Excerpted data:
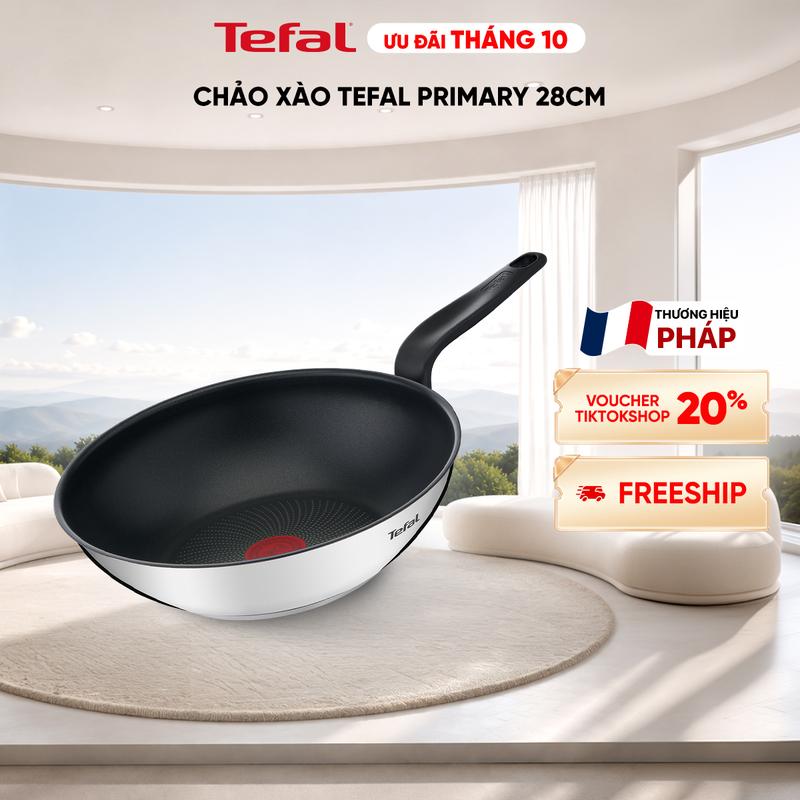 Chảo xào sâu lòng Tefal Primary 28cm E3091904 - Tương thích với tất cả các mặt bếp bao gồm cả bếp từ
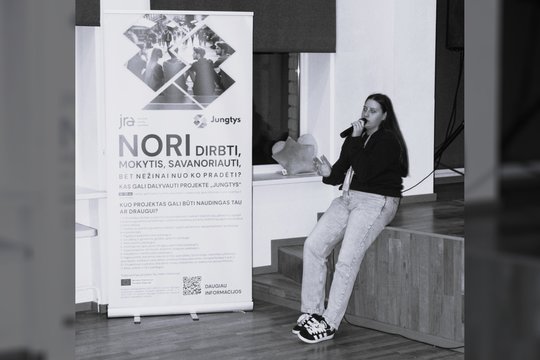 VšĮ „Ne imti, bet duoti“ kviečia jaunimą atrasti savo galimybes projekte „JUNGTYS“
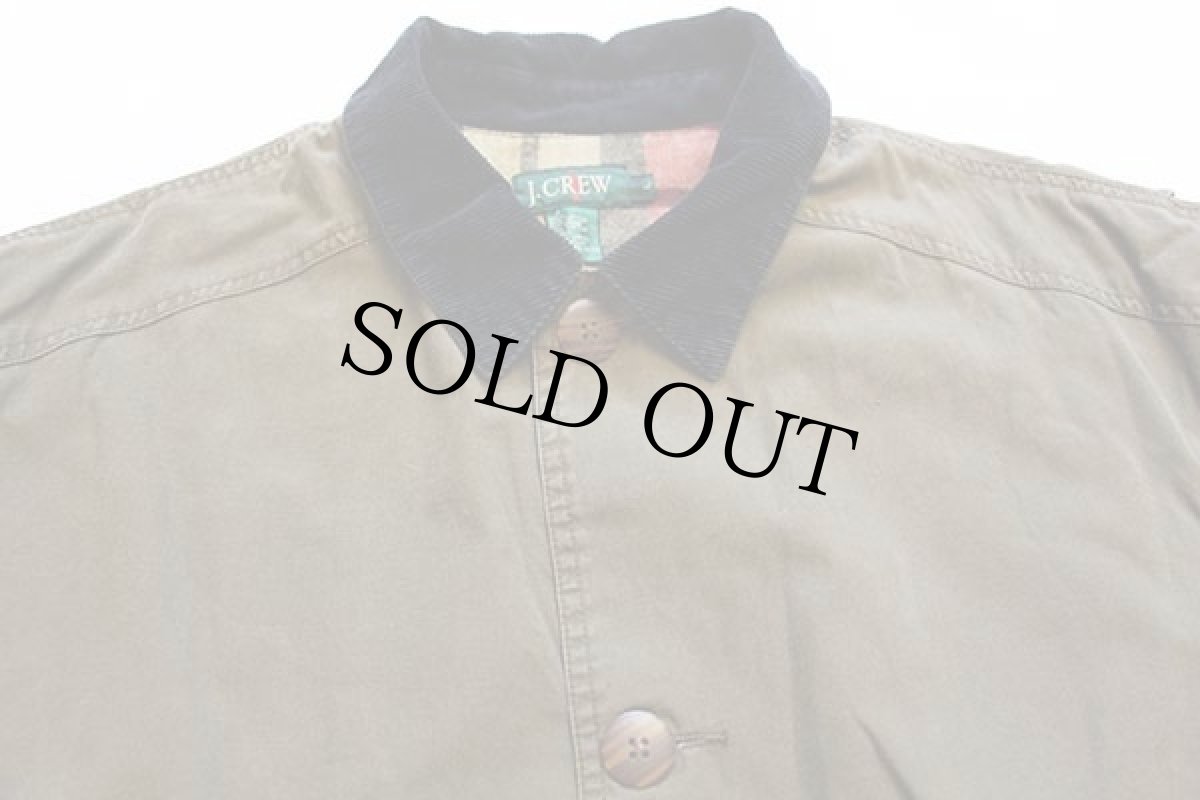 画像3: 90s J.CREW チェック ネルライナー コットンポプリン フィールドコート ブラウン L★ジャケット (3)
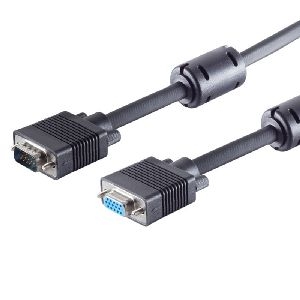 Monitorverlängerung 15pol HDD 75 Ohm Ferrit 1,8m 78061-2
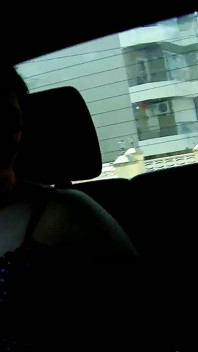 Skinny teen waitress Hannah Montana is approached by two guys and taken to fuck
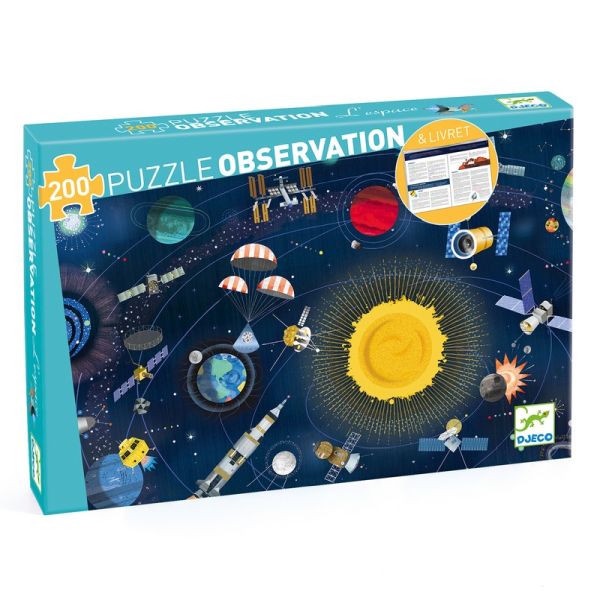 Image Puzzle observation / L'espace / 200 pcs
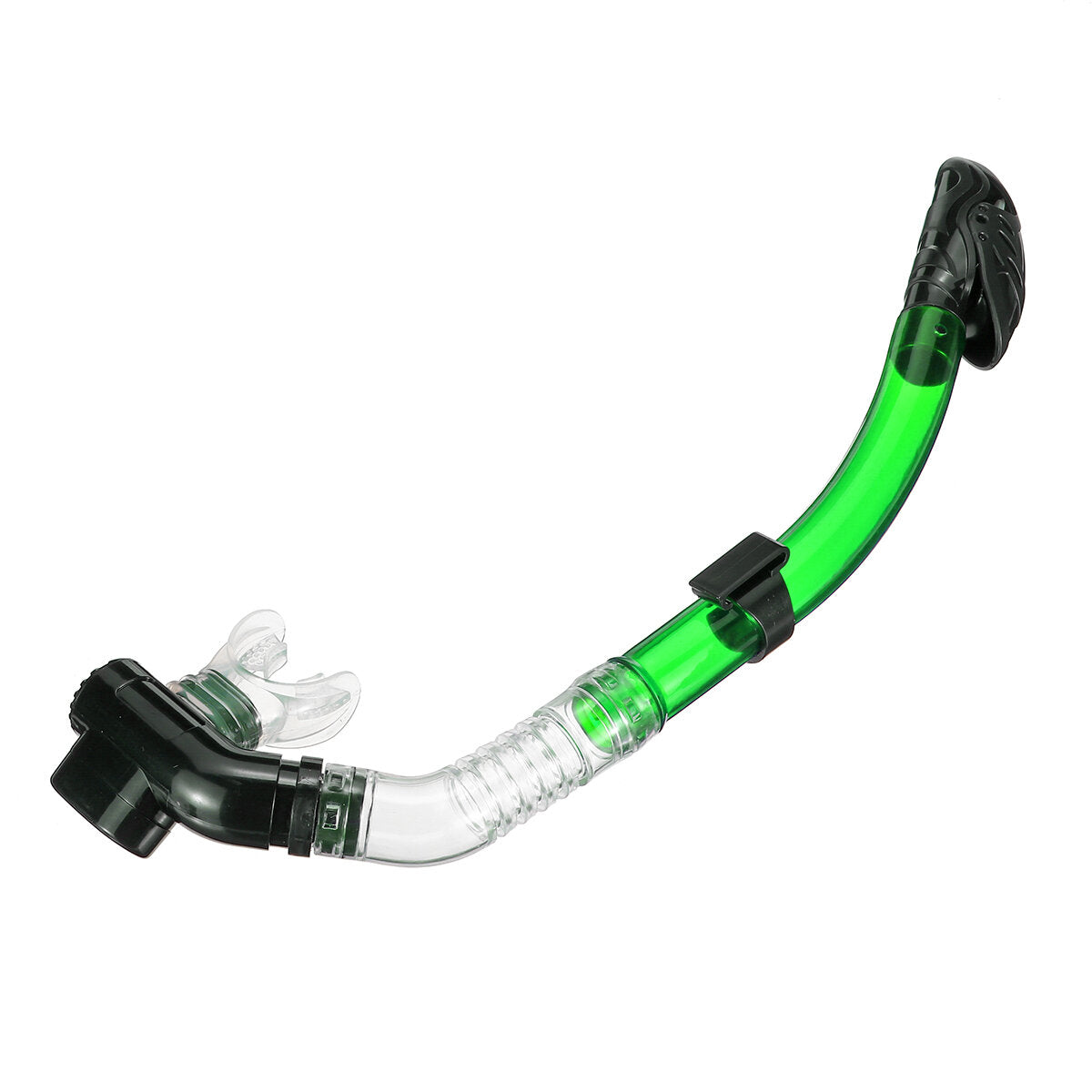 Silicone Full Dry Snorkel for Scuba Diving, Swimming, and Underwater Free Breathing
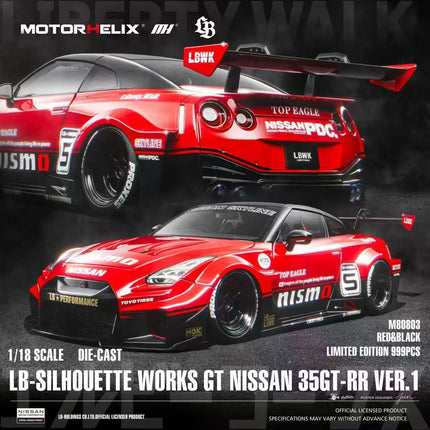 [Pre-Order] MOTORHELIX LB-SILHOUETTE WORKS GT NISSAN 35GT-RR VER.1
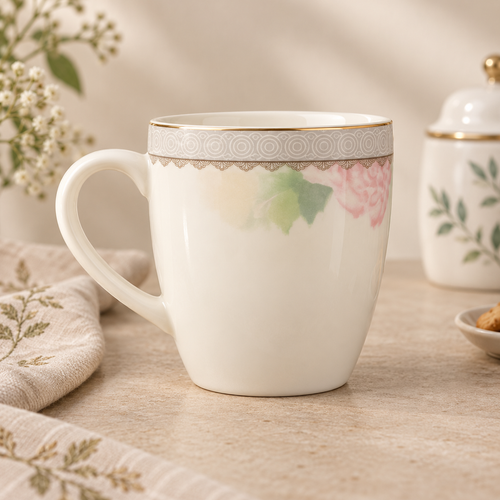 Elegant Ceramic Tea & Coffee Cup Set of 6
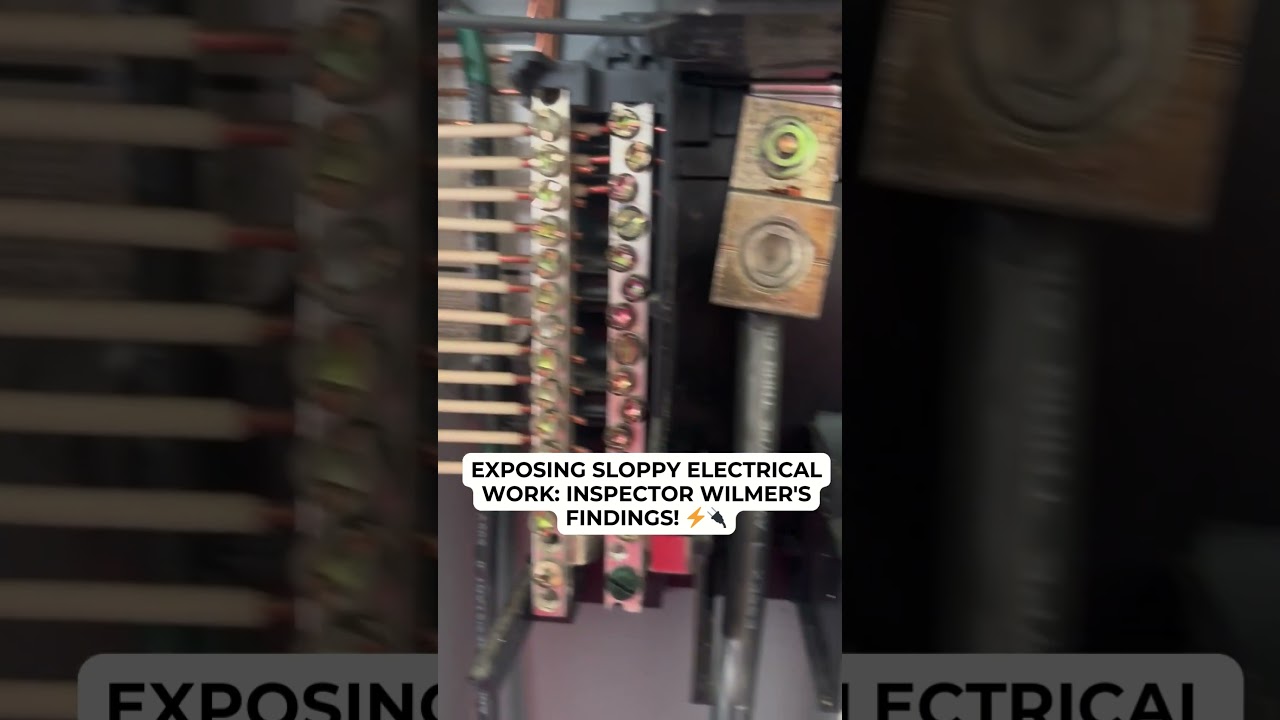Exposing Sloppy Electrical Work-Inspector Wilmer's Findings!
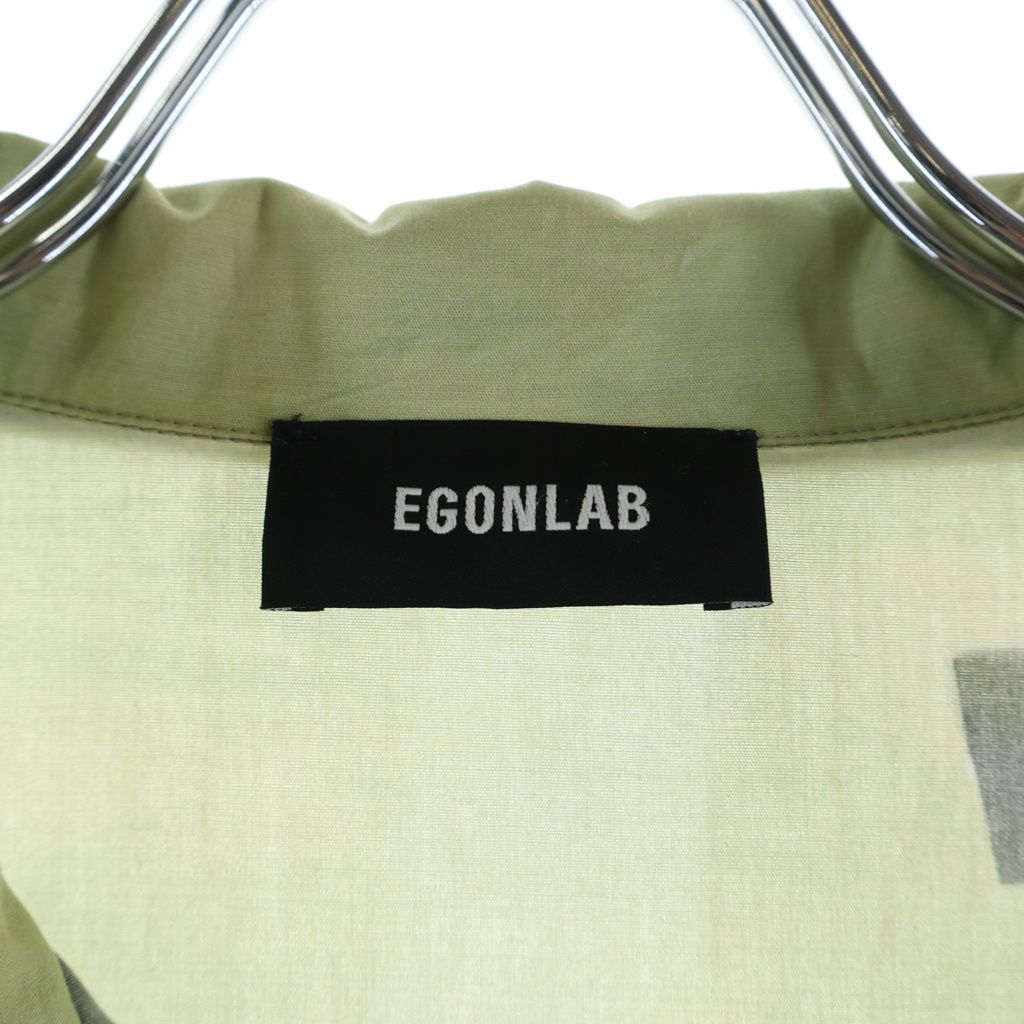 Egon Lab. エゴンラボ Egonimati summer shirt エゴニマティ サマー 半袖シャツ グリーン Egon Lab. (エゴンラボ) Egonimati summer shirt エゴニマティ サマー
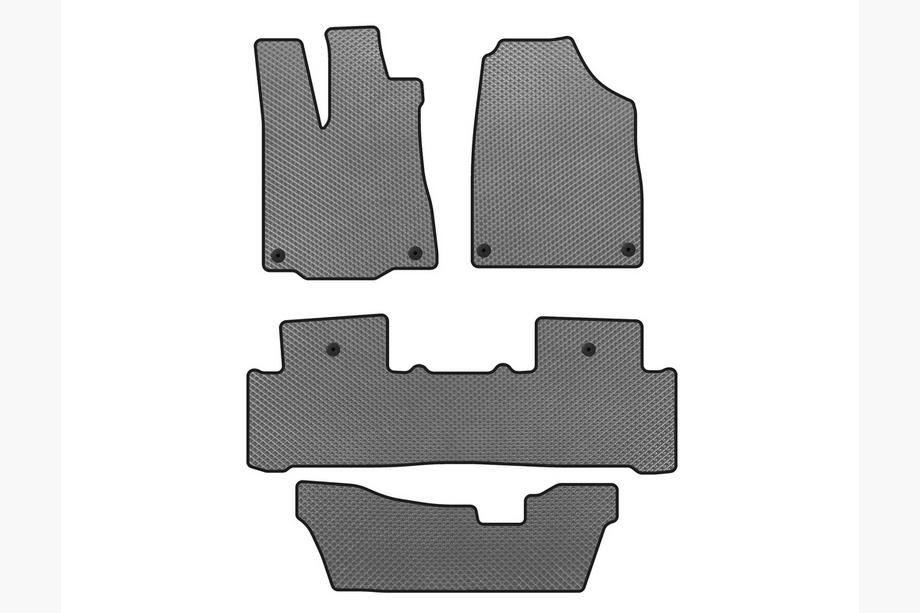 Acura MDX 2013–2020 EVA automatten (3 rijen, grijs) Image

What you have to do:
All lines from the one that contains "Silicone Full Dry" through the last line of the data should be retyped exactly, with the pictures left out.

The completed task:
 Silicone Full Dry Snorkel for Scuba Diving, Swimming, and Underwater Free Breathing
 [Pre-Order] MOTORHELIX LB-SILHOUETTE WORKS GT NISSAN 35GT-RR VER.1
 Elegant Ceramic Tea & Coffee Cup Set of 6
Exposing Sloppy Electrical Work-Inspector Wilmer's Findings!
 Egon Lab. エゴンラボ Egonimati summer shirt エゴニマティ サマー 半袖シャツ グリーン Egon Lab. (エゴンラボ) Egonimati summer shirt エゴニマティ サマー
 Acura MDX 2013–2020 EVA automatten (3 rijen, grijs) Image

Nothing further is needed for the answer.